> _Work to be completed_: When you repeat the entries below, please keep them exact and leave out the pictures.

> _Data under study_:
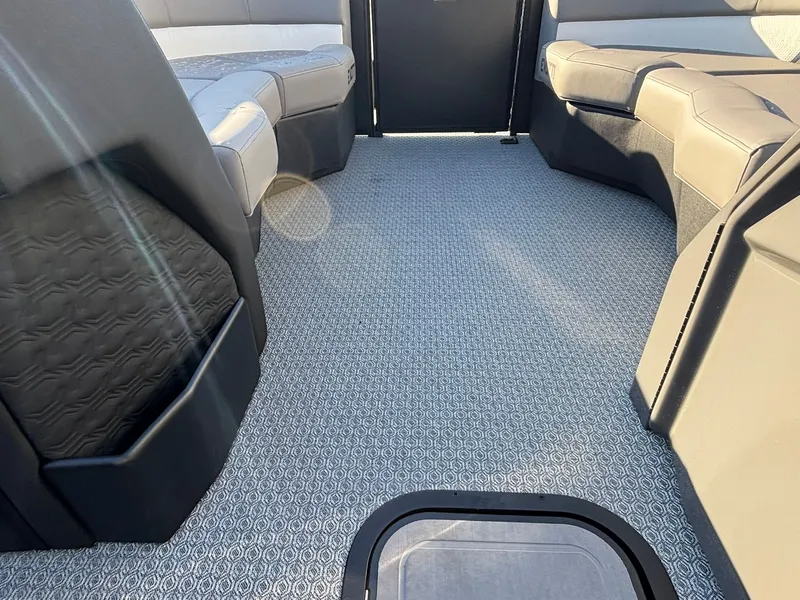 Slide: The Image of Evotti 723 CS 2026 - 7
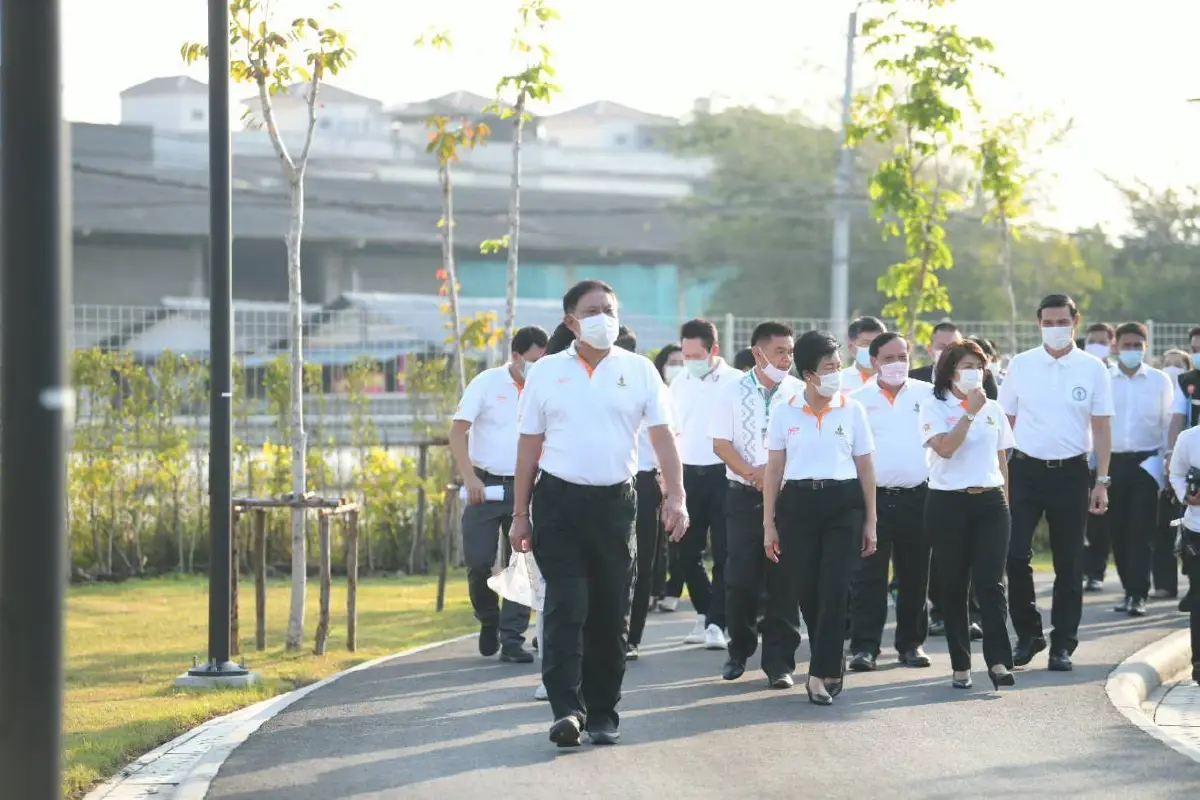 กทม.ชวนชมความสวยงามทุ่งดอกแพงพวยหลากสีบนพื้นที่กว่า 4 ไร่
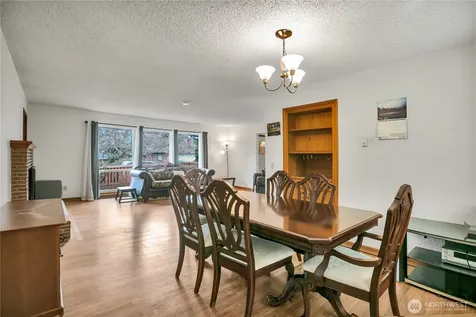 924 7th Avenue NW Puyallup WA 98371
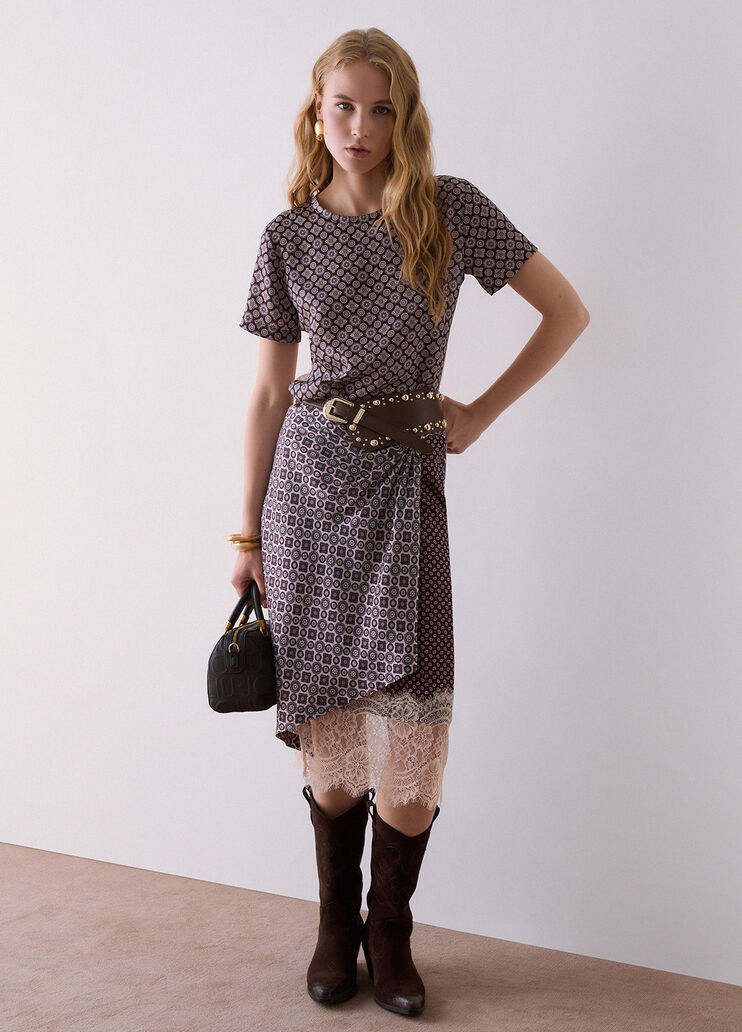 Top with Lace Details aubergine Liu Jo - medium
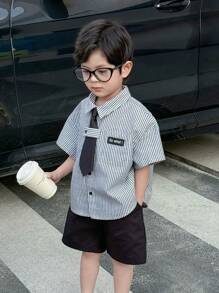 SHEIN 2pcs Gift Set Includes Shirt & Tie, Baby Boy Cute Striped Short Sleeve Shirt With Tie, Versatile Summer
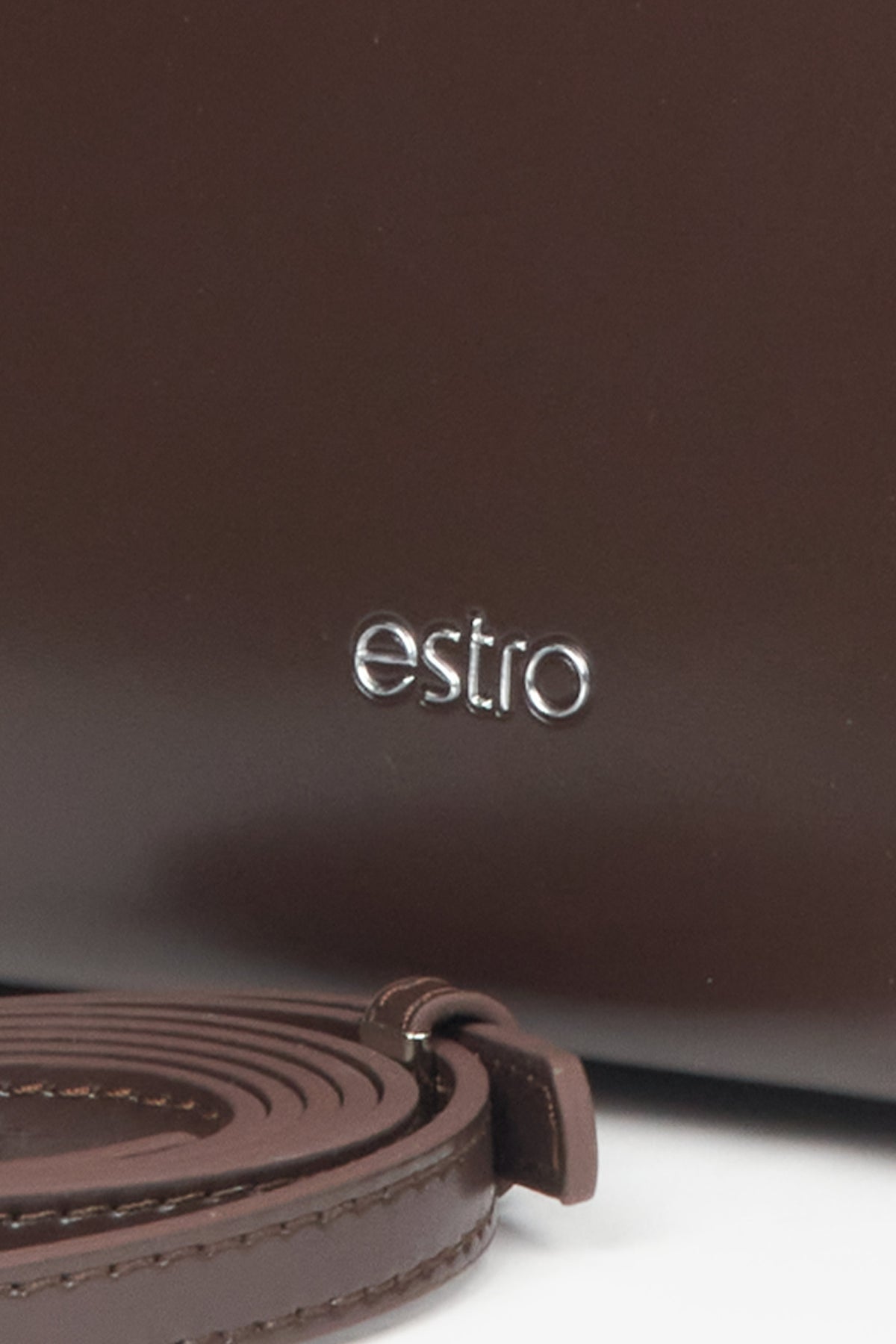 Seitenansicht der dunkelbraunen Estro Ledertasche mit feinen Nähten.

> _Result_:
 Slide: The Image of Evotti 723 CS 2026 - 7
 กทม.ชวนชมความสวยงามทุ่งดอกแพงพวยหลากสีบนพื้นที่กว่า 4 ไร่
 924 7th Avenue NW Puyallup WA 98371
 Top with Lace Details aubergine Liu Jo - medium
 SHEIN 2pcs Gift Set Includes Shirt & Tie, Baby Boy Cute Striped Short Sleeve Shirt With Tie, Versatile Summer
 Seitenansicht der dunkelbraunen Estro Ledertasche mit feinen Nähten.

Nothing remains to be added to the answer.